Although many musical theater enthusiasts know that Stephen Sondheim criticized the lyrics of Lorenz Hart and Ira Gershwin, they may not know that he could be just as tough on Ted Chapin’s typing.

On the 1971 production of FOLLIES – 10 years before he’d start a 40-year tenure as president and chief creative officer of The Rodgers and Hammerstein Organization – Chapin was a production assistant on the now-legendary musical. Part of his job was typing the new material that the composer-lyricist would write during rehearsals and in Boston.

The latter location, in fact, is where Sondheim gave Chapin the lyric to the song that he initially called “I’m Here.”

And here was Sondheim who, recalls Chapin, “called me on every mistake I typed.”

Sondheim was as stringent about punctuation as Vivian Bearing is in WIT. Chapin’s use of semi-colons, commas and periods were all questioned (as were his question marks).
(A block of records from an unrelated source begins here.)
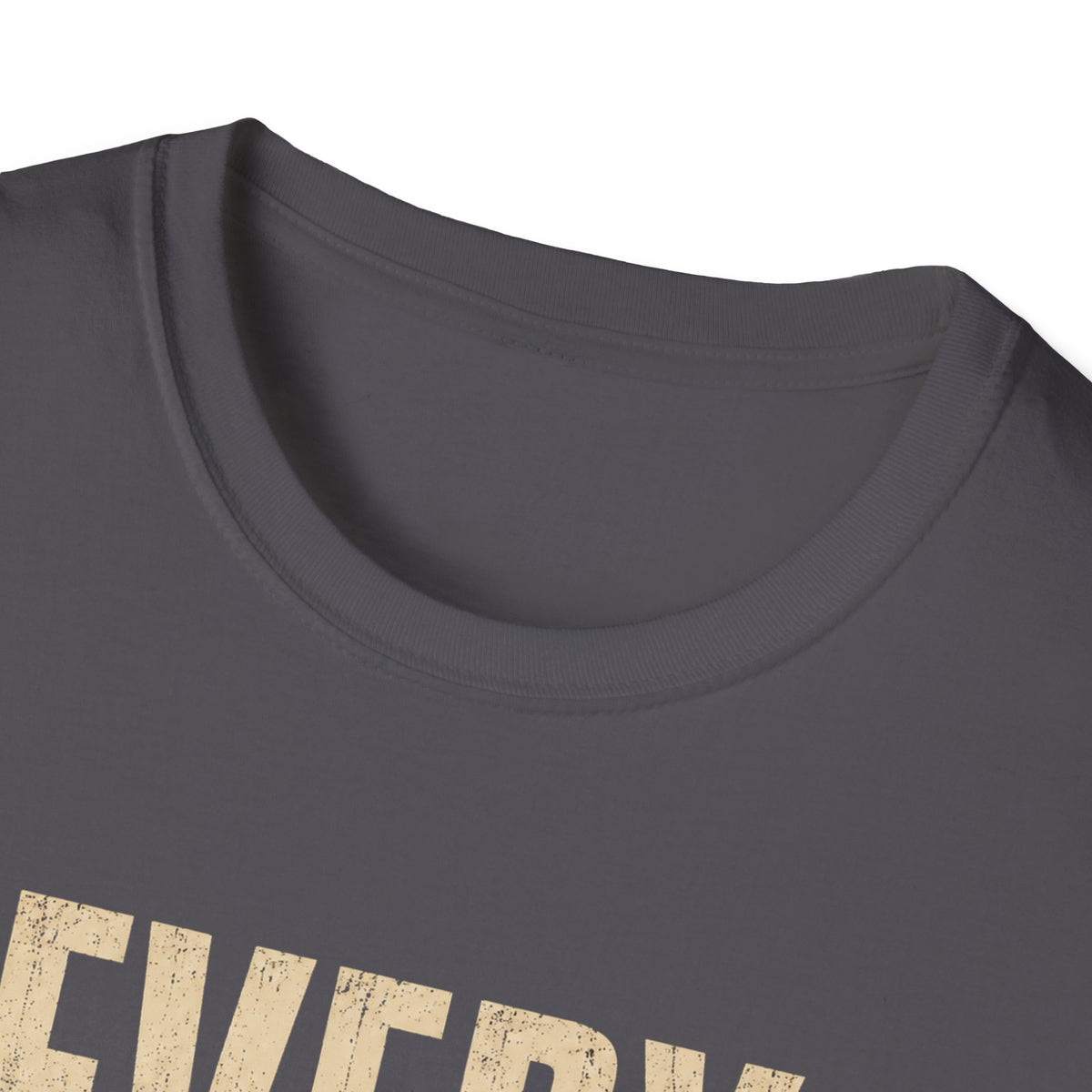 Plumber T-Shirt — "Every Blocked Drain Has a Story" Funny Plumbing Tee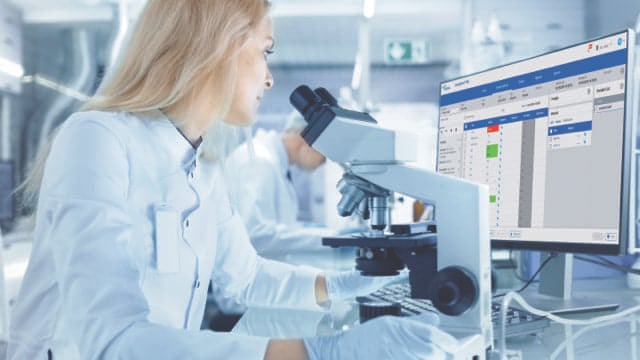 Sysmex America’s Caresphere Workflow Solution Increases Lab Efficiency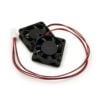 1 x WorkBee - Duet 2 Controller Case Fans
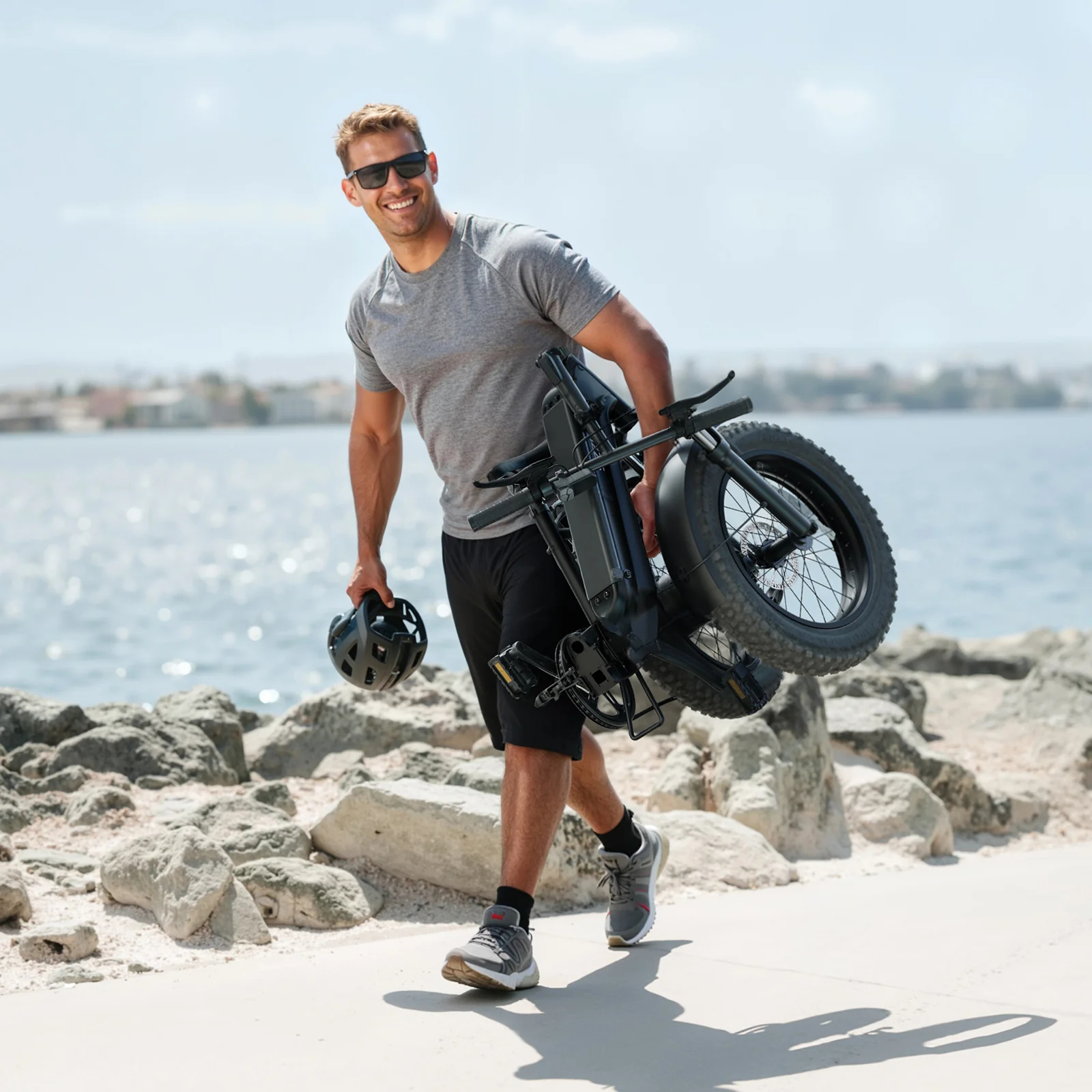 All Terrain 20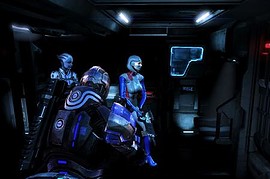 EDI Secondary Armor Reskin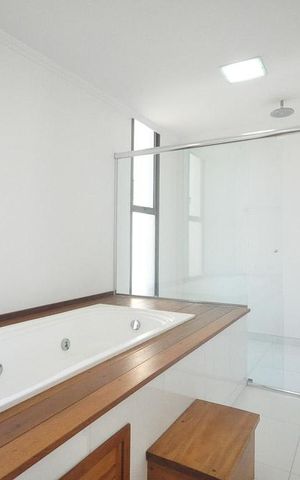 Apartamento à venda com 480m², 4 quartos e 4 vagasbanheiro suíte 4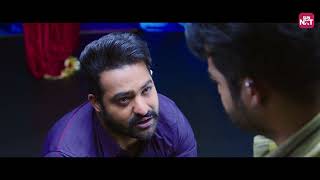 Raavan and Ram Jr NTR Triple role  Jai lava kusa  Jr NTR  Raashi Khanna  Sun NXT Telugu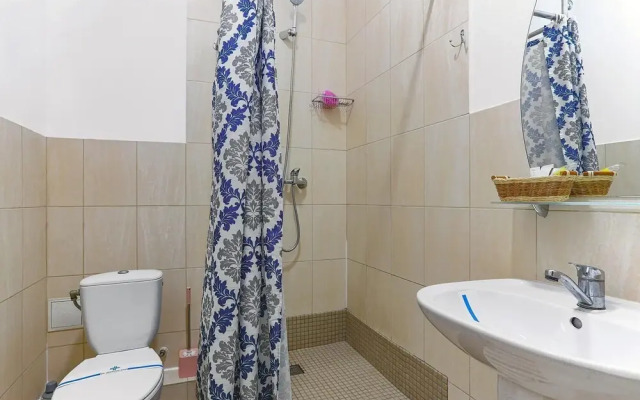 Hotel Arnautsky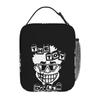 The Toy Dolls Insulated Lunch Bag for Women Children Leakproof Food Boxes Thermal Lunch Box Tote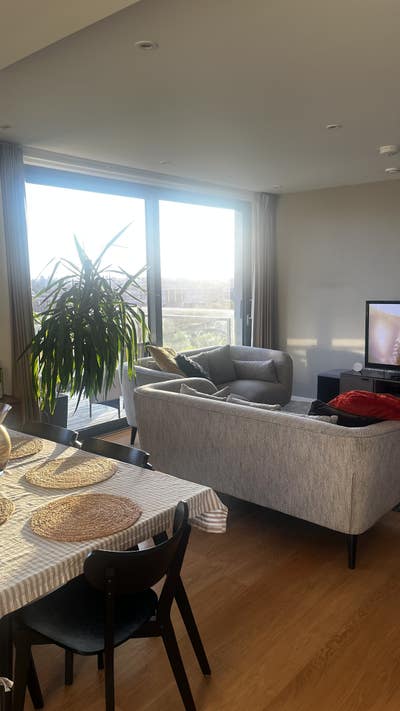 Stunning Flat Share over looking QE Olympic Park Main Photo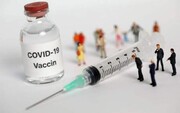 خطرات تغییر واکسن کرونا برای تزریق دوز دوم
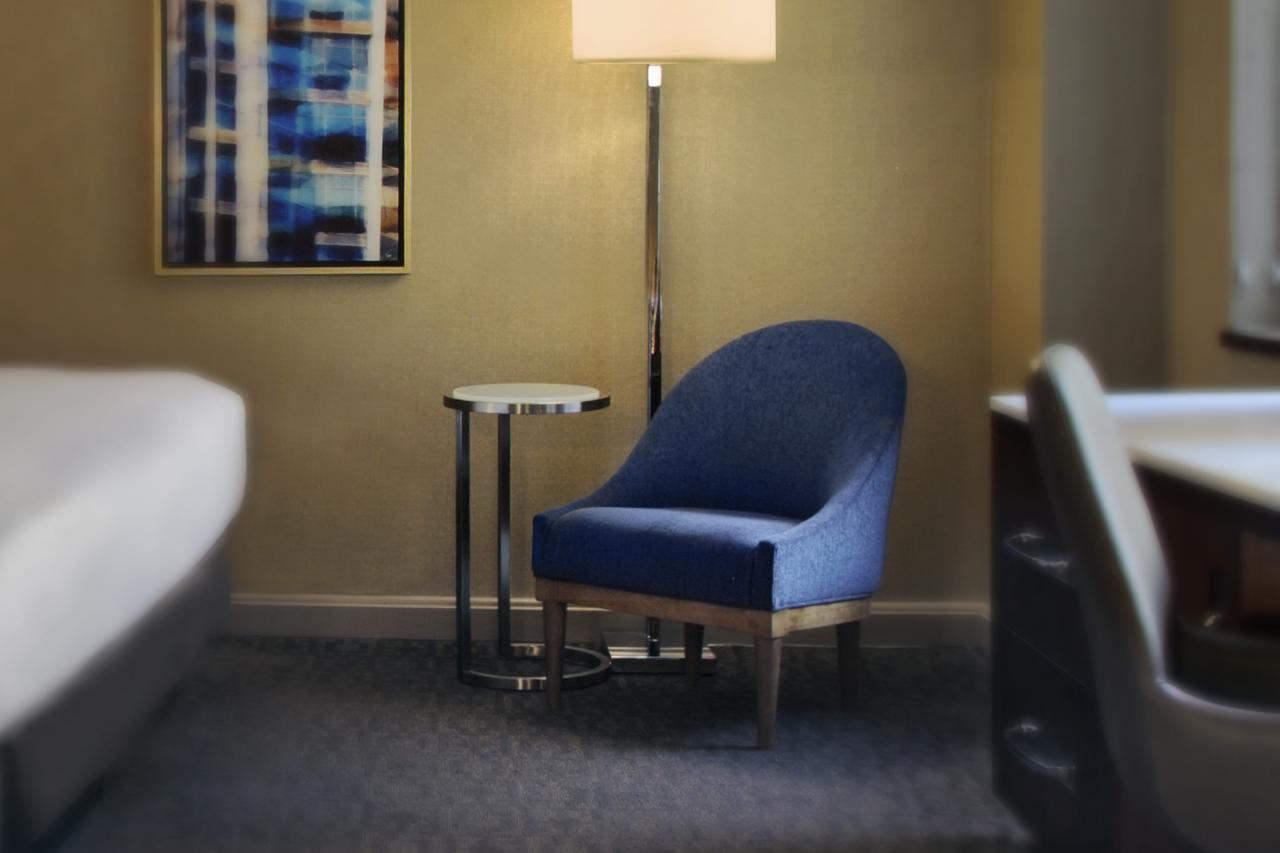 Hilton Chicago - thumb 11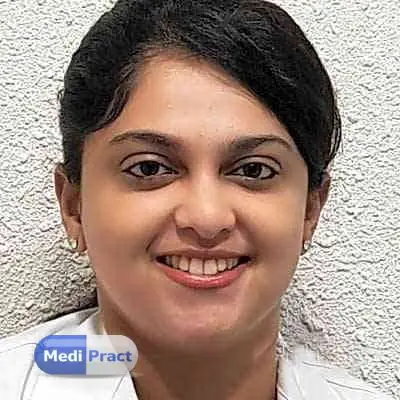 Dr. Akshitha Ratnakara Shetty Profile Picture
Keeping every hyphen in the right place wasn’t easy, either, with all the back and forth alternation of shift-keys for “The God-Why-Don’t-You-Love-Me Blues.”

Sometimes Chapin made errors of a different nature. “I typed ‘gallop’ instead of ‘galop,’”  he recalls. “I didn’t know at the time that there was a type of lively ballroom dance called a gallop. But there is.

Chapin’s FOLLIES job was part of an independent study that he undertook during his junior year at Connecticut College. Through the years, he never disposed of his journal or his notes.

Around the turn of this century, he was reminiscing about his FOLLIES experiences to a woman who suggested that his findings from 1971 would make an excellent book.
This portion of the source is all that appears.